START DATA SECTION

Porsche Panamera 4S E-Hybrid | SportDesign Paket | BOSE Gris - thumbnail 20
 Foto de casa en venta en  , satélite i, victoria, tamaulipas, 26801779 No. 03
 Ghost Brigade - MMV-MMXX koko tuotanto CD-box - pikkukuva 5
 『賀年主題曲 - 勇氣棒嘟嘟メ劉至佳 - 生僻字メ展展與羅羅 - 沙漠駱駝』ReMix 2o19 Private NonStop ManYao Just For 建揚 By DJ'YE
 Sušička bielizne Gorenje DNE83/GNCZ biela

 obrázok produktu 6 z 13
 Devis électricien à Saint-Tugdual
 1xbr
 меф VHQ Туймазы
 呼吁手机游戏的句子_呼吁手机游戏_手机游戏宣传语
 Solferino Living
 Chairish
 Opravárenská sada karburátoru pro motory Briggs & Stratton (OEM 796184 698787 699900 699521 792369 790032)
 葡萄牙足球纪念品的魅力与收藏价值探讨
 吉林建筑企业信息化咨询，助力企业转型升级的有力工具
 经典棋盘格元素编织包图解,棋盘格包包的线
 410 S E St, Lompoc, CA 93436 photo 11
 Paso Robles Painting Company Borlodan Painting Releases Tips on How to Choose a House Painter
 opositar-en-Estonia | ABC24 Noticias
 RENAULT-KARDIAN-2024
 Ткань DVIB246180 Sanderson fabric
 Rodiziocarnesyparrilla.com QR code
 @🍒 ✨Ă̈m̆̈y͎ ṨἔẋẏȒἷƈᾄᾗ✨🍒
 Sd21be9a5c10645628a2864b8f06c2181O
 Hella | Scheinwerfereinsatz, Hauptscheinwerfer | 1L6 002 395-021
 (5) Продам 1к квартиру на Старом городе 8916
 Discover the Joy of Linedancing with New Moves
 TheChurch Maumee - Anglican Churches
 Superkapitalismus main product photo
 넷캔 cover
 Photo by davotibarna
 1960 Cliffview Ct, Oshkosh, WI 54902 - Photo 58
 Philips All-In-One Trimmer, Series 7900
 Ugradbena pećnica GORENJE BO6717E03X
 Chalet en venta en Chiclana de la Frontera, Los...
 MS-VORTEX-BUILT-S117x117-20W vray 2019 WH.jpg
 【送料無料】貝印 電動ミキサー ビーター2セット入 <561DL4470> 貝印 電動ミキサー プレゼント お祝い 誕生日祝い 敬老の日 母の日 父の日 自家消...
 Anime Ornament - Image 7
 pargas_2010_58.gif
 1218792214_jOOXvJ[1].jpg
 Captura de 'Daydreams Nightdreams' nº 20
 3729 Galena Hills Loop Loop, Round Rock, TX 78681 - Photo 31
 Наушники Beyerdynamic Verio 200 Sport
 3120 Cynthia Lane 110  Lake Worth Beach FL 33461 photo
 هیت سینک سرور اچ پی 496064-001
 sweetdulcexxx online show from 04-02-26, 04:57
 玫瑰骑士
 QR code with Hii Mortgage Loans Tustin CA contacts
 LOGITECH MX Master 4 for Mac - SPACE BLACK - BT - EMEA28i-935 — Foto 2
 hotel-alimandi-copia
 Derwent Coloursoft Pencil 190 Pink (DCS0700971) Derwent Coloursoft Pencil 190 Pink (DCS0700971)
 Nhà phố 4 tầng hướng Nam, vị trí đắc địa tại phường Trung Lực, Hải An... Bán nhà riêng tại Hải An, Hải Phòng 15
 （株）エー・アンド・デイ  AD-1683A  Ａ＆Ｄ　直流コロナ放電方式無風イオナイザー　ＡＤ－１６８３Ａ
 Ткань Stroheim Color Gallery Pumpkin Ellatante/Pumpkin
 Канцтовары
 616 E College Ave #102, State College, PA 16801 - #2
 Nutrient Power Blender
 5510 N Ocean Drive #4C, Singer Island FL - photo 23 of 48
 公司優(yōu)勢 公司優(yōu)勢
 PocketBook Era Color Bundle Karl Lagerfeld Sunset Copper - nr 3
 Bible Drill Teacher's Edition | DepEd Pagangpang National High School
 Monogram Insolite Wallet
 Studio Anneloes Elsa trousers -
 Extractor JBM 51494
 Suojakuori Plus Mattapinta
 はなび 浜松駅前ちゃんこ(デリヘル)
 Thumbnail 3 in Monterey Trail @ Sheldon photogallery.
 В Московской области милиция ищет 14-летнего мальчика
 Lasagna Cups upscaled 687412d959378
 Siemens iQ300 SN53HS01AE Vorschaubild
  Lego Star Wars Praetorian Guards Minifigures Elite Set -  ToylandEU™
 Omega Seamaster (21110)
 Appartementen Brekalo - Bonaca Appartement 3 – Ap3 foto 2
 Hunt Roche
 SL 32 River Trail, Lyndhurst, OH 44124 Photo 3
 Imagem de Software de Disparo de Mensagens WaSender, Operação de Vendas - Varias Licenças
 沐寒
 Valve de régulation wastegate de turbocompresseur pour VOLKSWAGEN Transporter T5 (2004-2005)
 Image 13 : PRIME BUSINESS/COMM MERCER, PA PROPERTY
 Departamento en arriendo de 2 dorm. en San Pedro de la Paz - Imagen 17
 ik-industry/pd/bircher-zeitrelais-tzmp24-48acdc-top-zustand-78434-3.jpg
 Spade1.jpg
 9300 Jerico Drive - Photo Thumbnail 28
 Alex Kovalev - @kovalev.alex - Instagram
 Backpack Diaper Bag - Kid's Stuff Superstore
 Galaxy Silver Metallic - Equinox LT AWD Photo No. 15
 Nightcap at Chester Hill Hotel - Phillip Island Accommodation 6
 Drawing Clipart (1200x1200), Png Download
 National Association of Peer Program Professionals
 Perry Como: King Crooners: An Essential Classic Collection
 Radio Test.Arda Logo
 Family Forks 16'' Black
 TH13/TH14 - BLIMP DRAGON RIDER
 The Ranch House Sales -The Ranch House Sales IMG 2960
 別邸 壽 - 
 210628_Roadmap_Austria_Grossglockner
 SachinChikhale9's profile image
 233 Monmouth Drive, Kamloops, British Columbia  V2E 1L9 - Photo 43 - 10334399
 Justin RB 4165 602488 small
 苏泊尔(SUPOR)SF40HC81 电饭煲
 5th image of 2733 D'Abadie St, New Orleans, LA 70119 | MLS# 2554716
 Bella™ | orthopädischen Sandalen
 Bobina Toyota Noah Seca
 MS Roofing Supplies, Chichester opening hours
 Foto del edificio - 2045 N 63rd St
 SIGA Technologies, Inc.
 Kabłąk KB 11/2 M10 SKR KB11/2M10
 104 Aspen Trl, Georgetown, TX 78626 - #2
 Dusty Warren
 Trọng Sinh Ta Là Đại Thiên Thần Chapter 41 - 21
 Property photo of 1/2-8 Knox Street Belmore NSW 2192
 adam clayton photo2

END DATA SECTION

[WHAT YOU WILL DO]
Please copy every line of the data that carries the string "Drive".

[WRITTEN SOLUTION]
 5510 N Ocean Drive #4C, Singer Island FL - photo 23 of 48
 9300 Jerico Drive - Photo Thumbnail 28
 233 Monmouth Drive, Kamloops, British Columbia  V2E 1L9 - Photo 43 - 10334399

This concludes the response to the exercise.